Plinky prompt of the day: What is the most confusing part of your life?

Sometimes when I read these prompts, or see one that I really like and save for later, I have a hard time putting into words what I really feel. The list of prompts I’ve saved to start later is far longer than the list of prompts I’ve actually started. Not so with today’s topic. The answer came to me almost instantly. The most confusing part of my life is how to live an adult life in my parents’ house. I call it my parents’ house, despite it being the only home I’ve ever known. I remember the first house I lived in, up until I was 5, and I consider Converse to be a second home. But as far as having a life somewhere, my house is the only place that’s consistently been there. It’s familiar and comforting, yet somehow it feels like it’s not mine anymore. I’m an adult, and I have my own life – but not really. I have a job that I love. But I don’t live on my own. I live with my parents and my grandmother. I have plenty of space – it’s not like we’re living right on top of each other or anything.

But in a way, I feel like I can’t have my privacy. My family are all very quiet, and we keep to ourselves a lot. I wouldn’t say they are nosy – no one goes snooping through my stuff, and no one barges in on me in the bathroom. But it doesn’t quite feel like mine, because I’m ready to have an entire space to myself (and maybe a roommate or two). Somewhere that I can set up a life on my own, decorate it myself, cook my own meals, do my own laundry, and all that other adult stuff. I know those things are annoying and boring most of the time, but I’m one of the few people I know who doesn’t do that, and it makes me feel like a child. Don’t get me wrong, I do feel very lucky that I can live at home and not worry about money, bills, rent, food, etc. But at the same time, I do want to worry about those things. All in good time, I know, and then I’ll be sorry.

The reason this part of my life is so confusing is that I still feel like a kid in my childhood home, even though I’m not.

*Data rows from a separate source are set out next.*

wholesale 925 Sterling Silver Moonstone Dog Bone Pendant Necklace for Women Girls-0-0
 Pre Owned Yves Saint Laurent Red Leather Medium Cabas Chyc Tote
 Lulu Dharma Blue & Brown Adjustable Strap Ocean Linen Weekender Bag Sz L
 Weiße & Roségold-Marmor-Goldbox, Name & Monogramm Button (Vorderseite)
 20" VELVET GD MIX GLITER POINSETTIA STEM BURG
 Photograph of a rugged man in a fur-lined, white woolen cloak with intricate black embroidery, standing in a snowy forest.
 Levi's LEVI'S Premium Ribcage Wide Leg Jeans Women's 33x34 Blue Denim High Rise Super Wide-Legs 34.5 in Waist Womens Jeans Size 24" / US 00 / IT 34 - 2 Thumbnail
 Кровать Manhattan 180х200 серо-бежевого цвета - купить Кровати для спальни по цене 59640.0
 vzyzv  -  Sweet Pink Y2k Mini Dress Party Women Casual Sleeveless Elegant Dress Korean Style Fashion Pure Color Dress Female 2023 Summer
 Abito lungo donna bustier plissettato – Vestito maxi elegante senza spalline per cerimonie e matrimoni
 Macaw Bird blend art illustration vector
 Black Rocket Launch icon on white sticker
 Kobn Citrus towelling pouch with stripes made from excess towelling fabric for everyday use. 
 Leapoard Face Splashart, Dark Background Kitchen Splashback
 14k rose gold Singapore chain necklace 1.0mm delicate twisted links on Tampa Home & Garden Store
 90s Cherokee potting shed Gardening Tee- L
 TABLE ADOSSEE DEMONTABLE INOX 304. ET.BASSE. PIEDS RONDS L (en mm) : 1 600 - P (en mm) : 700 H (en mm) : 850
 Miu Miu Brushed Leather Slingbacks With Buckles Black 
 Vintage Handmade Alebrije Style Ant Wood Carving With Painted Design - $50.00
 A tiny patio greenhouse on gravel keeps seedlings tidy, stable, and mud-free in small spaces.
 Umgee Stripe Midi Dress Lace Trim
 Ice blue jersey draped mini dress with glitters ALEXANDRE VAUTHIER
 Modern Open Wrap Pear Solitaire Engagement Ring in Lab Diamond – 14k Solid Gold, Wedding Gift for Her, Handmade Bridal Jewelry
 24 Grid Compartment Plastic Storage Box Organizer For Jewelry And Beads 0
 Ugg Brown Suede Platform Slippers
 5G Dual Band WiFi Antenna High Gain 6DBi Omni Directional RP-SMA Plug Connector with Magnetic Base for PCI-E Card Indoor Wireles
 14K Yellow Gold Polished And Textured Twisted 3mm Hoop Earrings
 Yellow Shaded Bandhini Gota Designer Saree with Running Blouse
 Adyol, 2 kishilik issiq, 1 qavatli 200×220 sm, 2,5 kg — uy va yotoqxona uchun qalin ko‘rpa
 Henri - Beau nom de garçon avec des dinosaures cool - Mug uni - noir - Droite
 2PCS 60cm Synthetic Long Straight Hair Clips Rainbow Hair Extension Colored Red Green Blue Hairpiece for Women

I wouldn’t say I’ve outgrown it, but it’s just an entirely different part of my life. It’s everything I knew growing up, before college. Now that I’m back, and I’m a different person, and out of my element somewhat, I don’t feel like I can fully grow up there. That part of me was all about relying on parents for the things I needed, and learning what kind of person I was going to be. Now that that’s pretty much figured out, and I can take care of myself, I feel like I’m in a sort of limbo. I’m back at home, but not really. I can’t go back to being a high school kid anymore – I’m too mature for that. But I can’t fully be an adult version of myself, because I’m not fully independent.

I don’t always know what I want. And that’s why it’s so confusing. How do you come back home, to the place of your childhood, to be an adult?